» **Task**
Copy out the entries word for word, leaving images aside.

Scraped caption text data

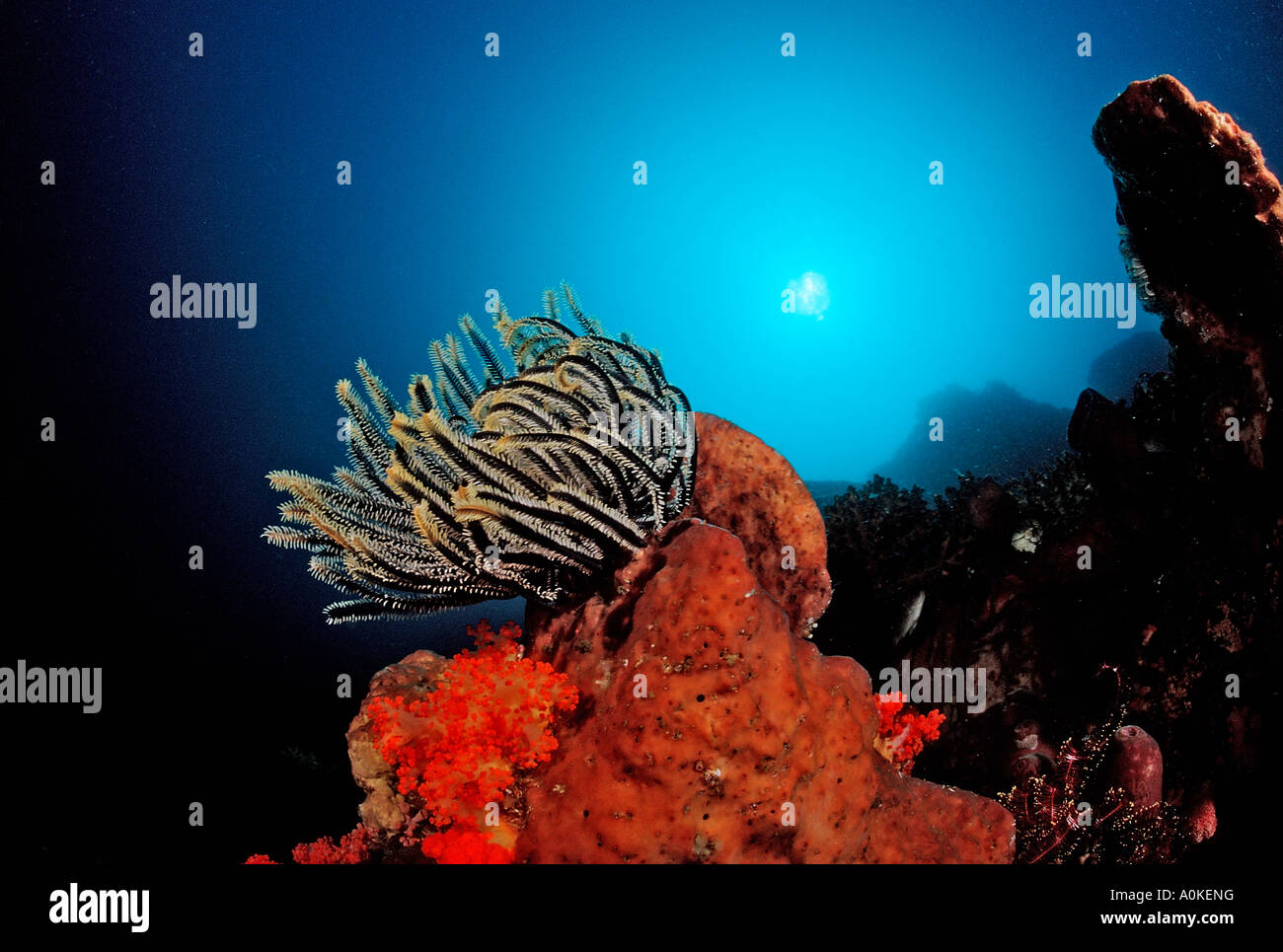 Crinoid am Korallenriff Crinoidea Komodo Indio Pazifik Indonesien Stockfoto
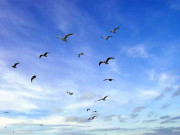 لاک ڈاؤن کے بعد فضائی آلودگی میں کمی ایئر انڈیکس میں بہتری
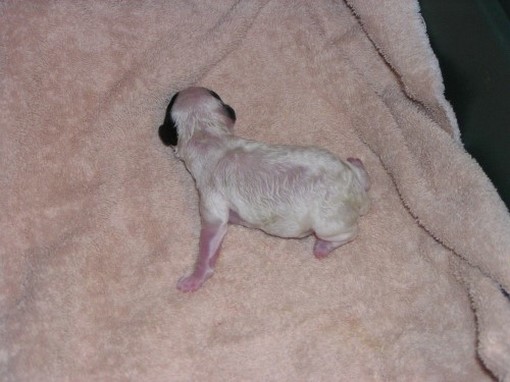 newborn parti poodle puppy.jpg
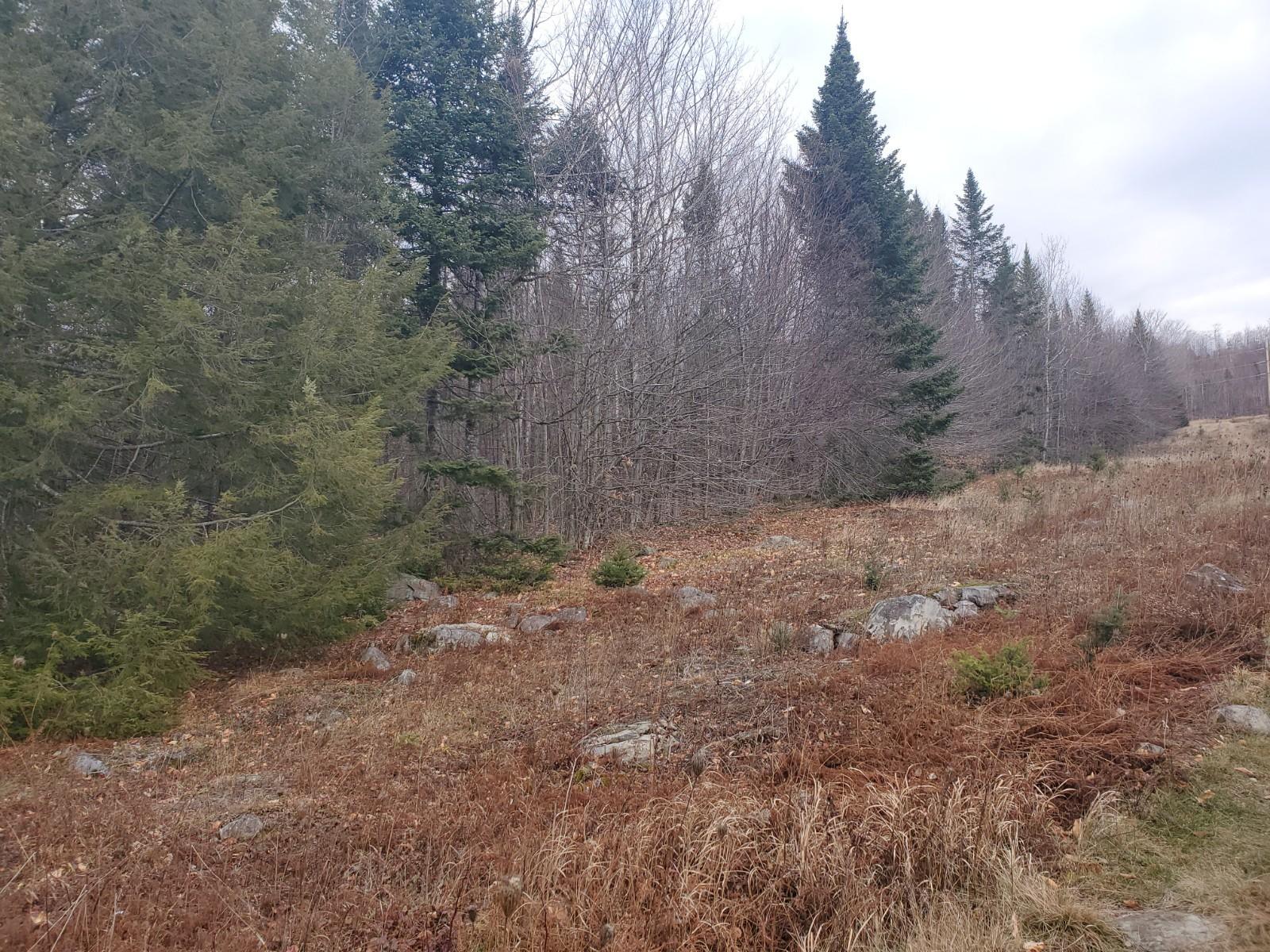 Lot 4 West of May Mountain Road, Island Falls, ME, 04747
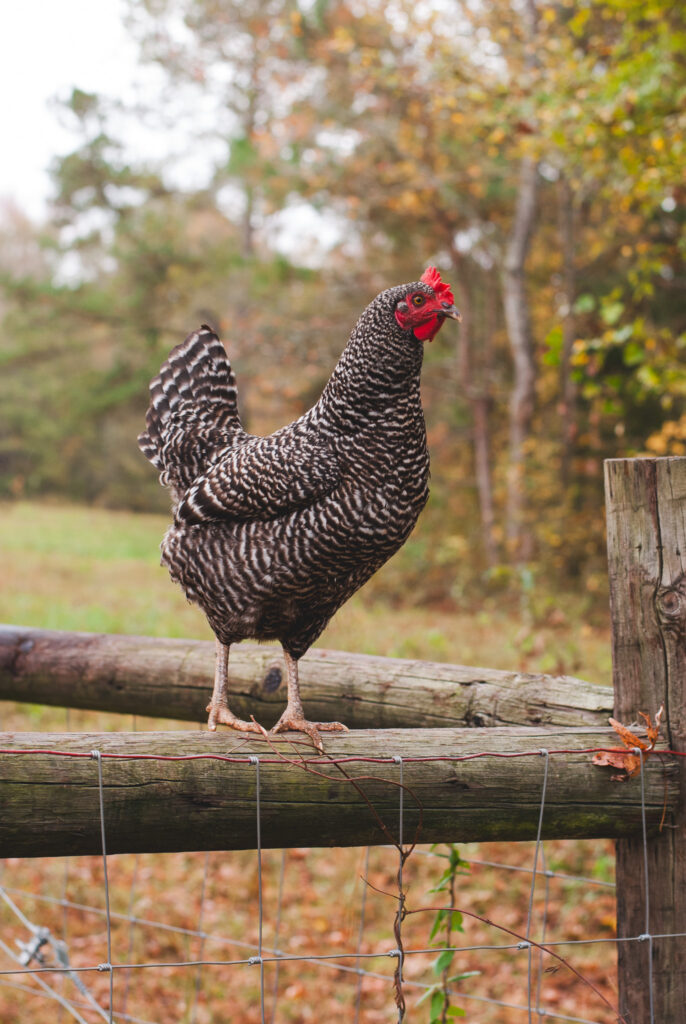 Homesteading with a full-time job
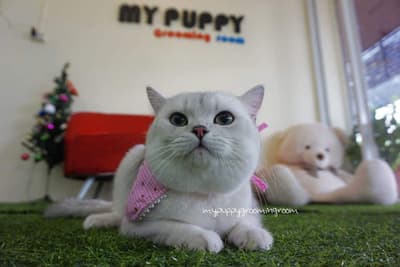 My Puppy (บางใหญ่) 3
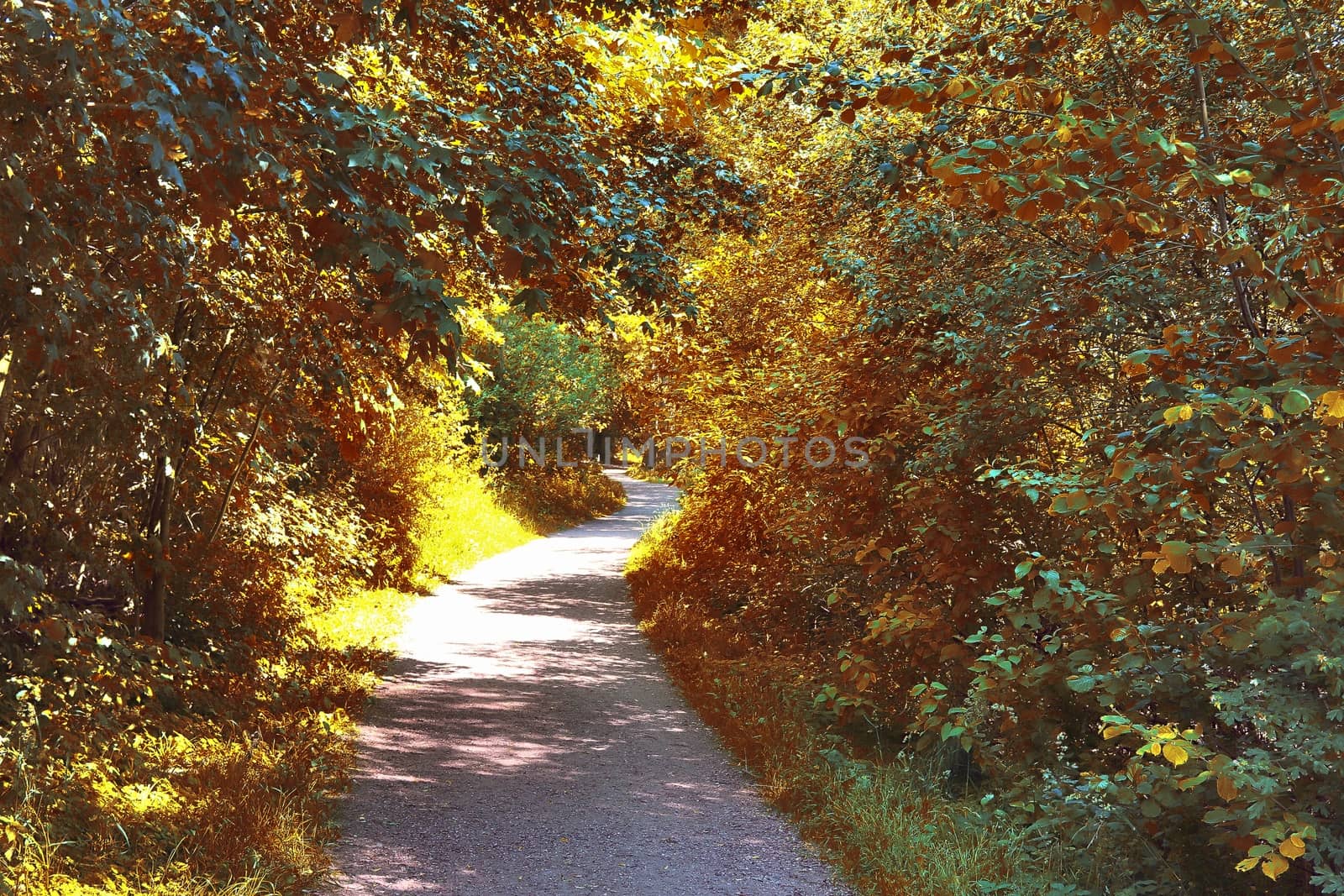 Beautiful panorama view on a golden autumn landscape in the middle of october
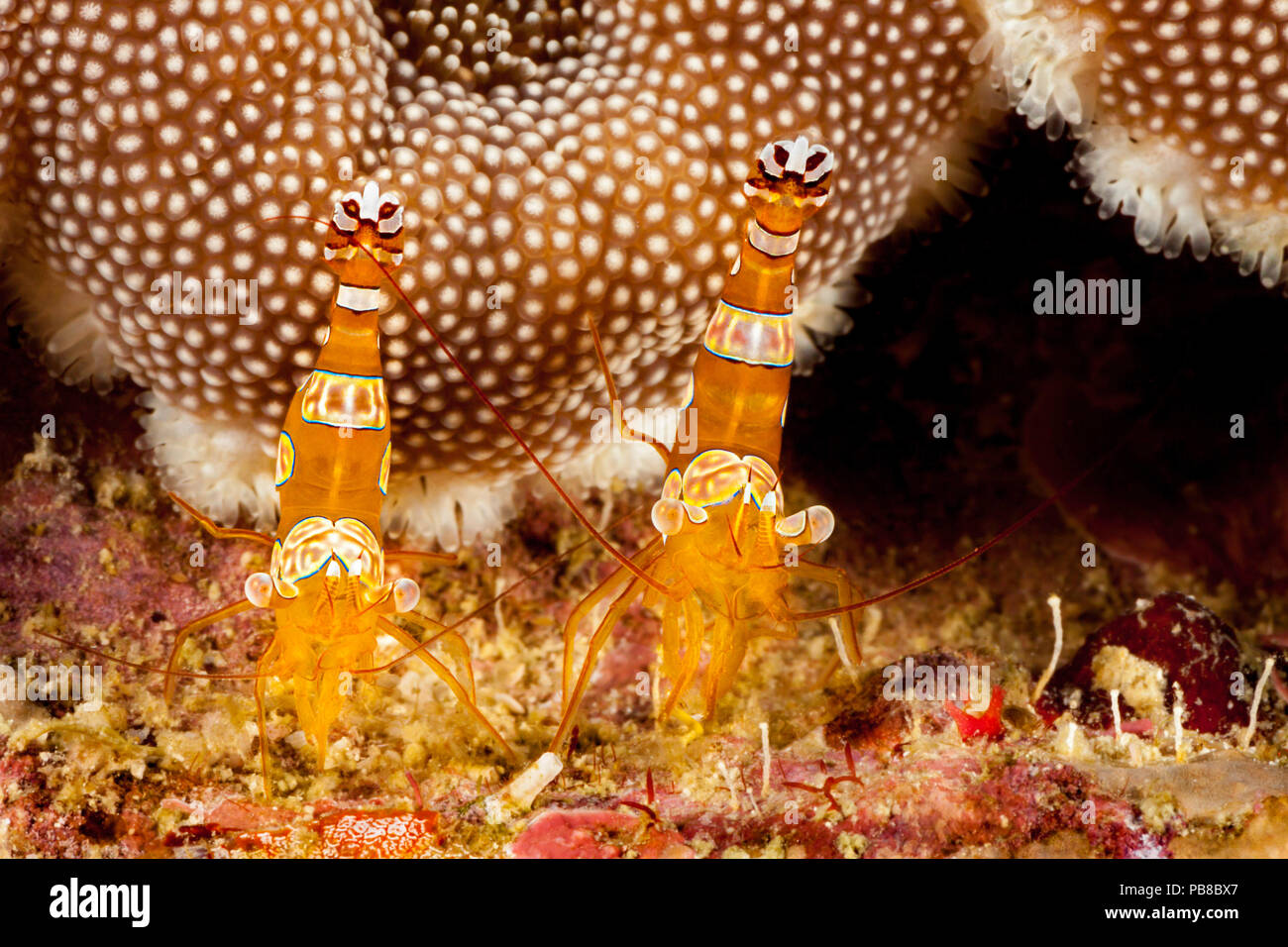 Une paire de minuscules crevettes squat, Thor amboinensis, Philippines. Banque D'Images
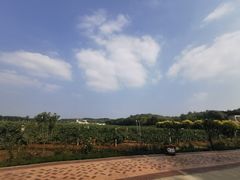 -北京张裕爱斐堡酒庄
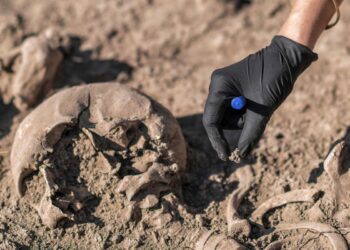 Uomo sepolto dal fango nel sonno: cosa racconta lo scheletro del ‘custode’ di Ercolano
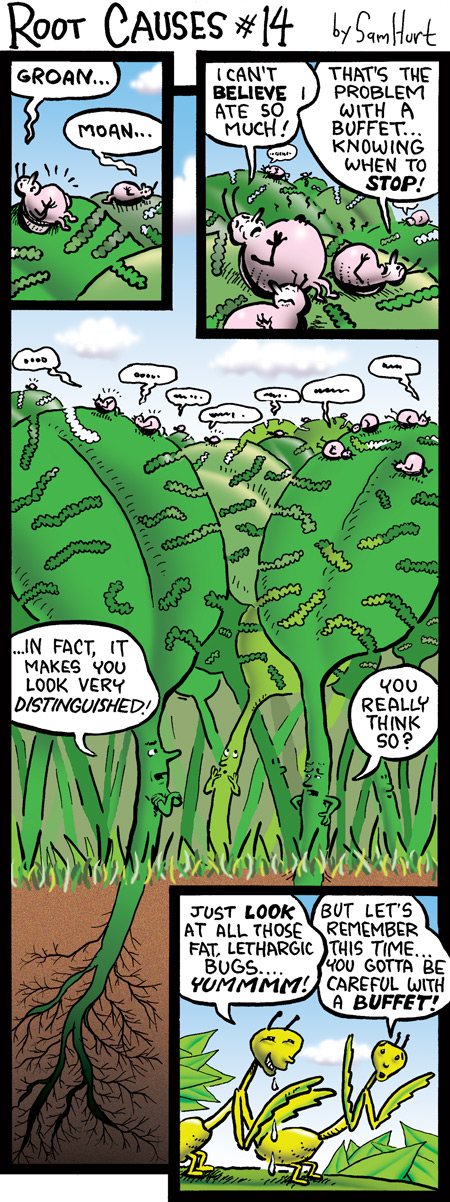 RootCauses-14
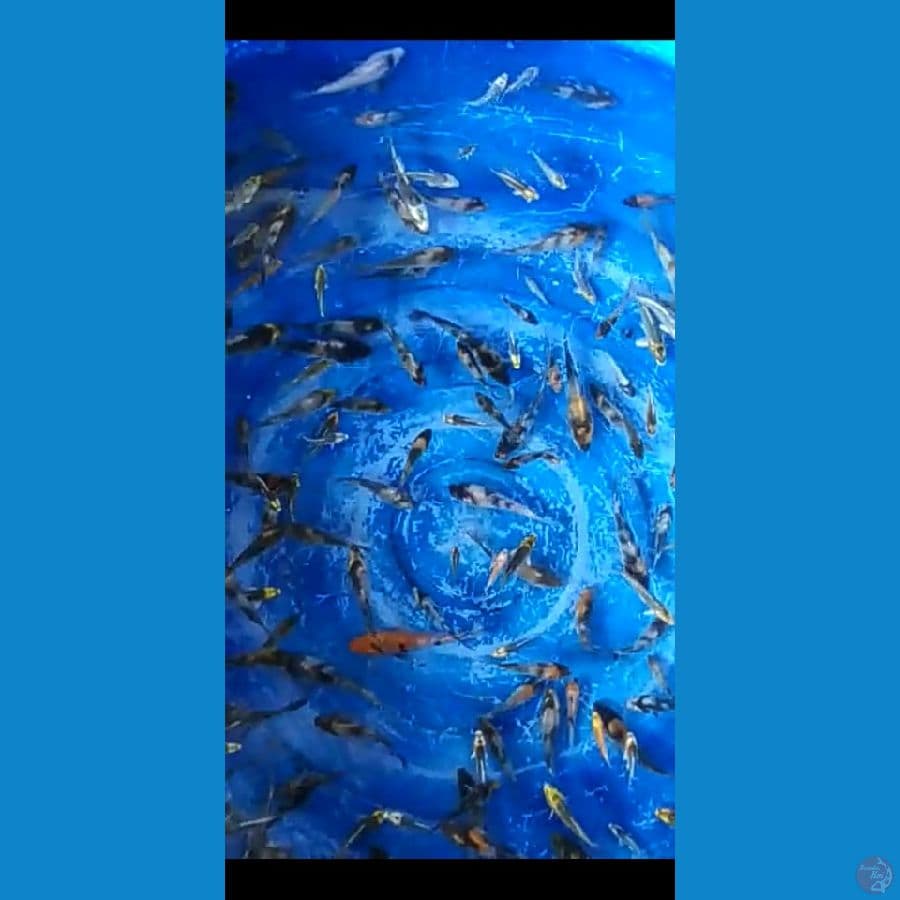 showa, utsuri, shiro 250 ekr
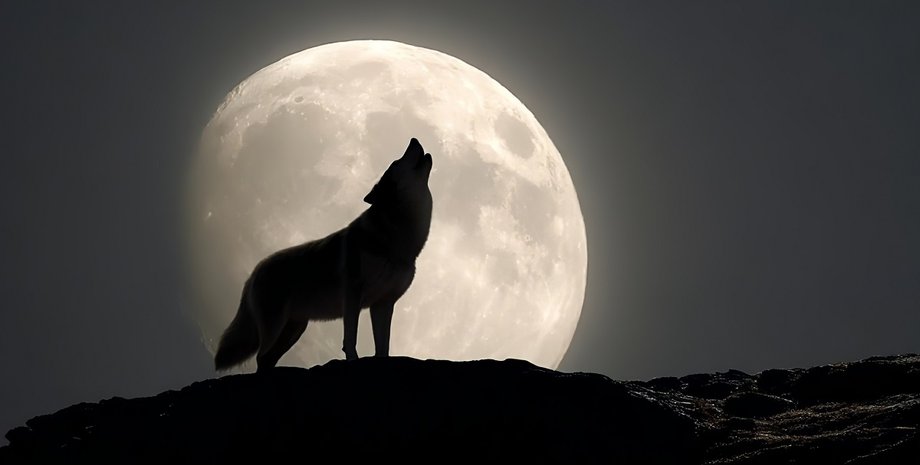 Волчья Луна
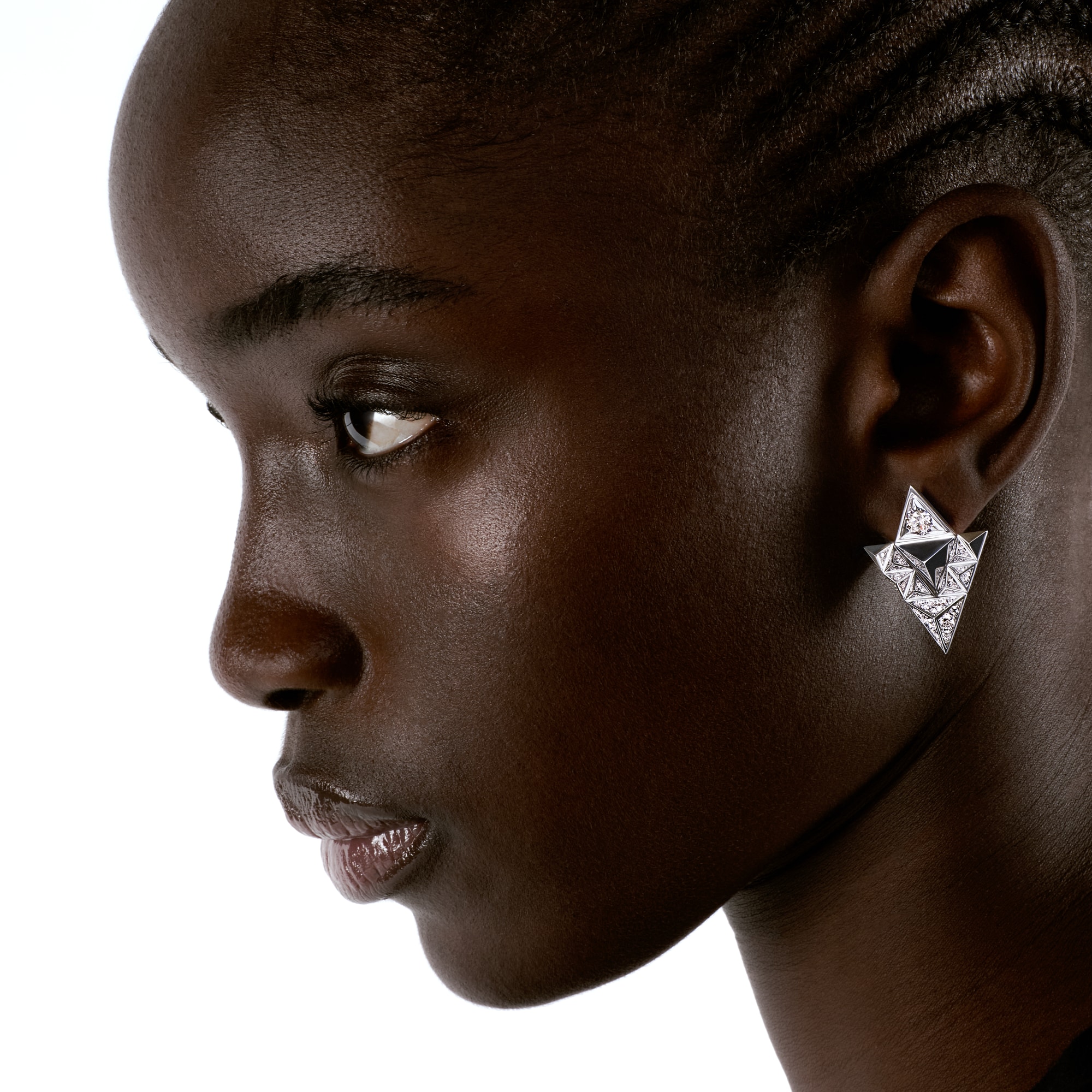 Pure V Earrings, White Gold and Diamonds  in Jewellery
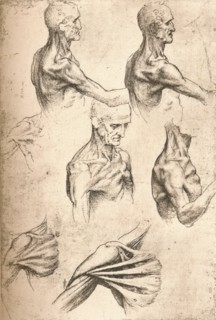 Anatomical drawing, c1472-c1519 (1883). Artist: Leonardo da Vinci.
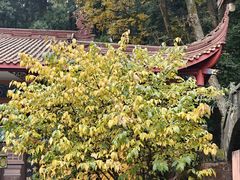-都江堰普照寺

» **Solution for this task**
 Crinoid am Korallenriff Crinoidea Komodo Indio Pazifik Indonesien Stockfoto
 لاک ڈاؤن کے بعد فضائی آلودگی میں کمی ایئر انڈیکس میں بہتری
 newborn parti poodle puppy.jpg
 Lot 4 West of May Mountain Road, Island Falls, ME, 04747
 Homesteading with a full-time job
 My Puppy (บางใหญ่) 3
 Beautiful panorama view on a golden autumn landscape in the middle of october
 Une paire de minuscules crevettes squat, Thor amboinensis, Philippines. Banque D'Images
 -北京张裕爱斐堡酒庄
 Uomo sepolto dal fango nel sonno: cosa racconta lo scheletro del ‘custode’ di Ercolano
 RootCauses-14
 showa, utsuri, shiro 250 ekr
 Волчья Луна
 Pure V Earrings, White Gold and Diamonds  in Jewellery
 Anatomical drawing, c1472-c1519 (1883). Artist: Leonardo da Vinci.
-都江堰普照寺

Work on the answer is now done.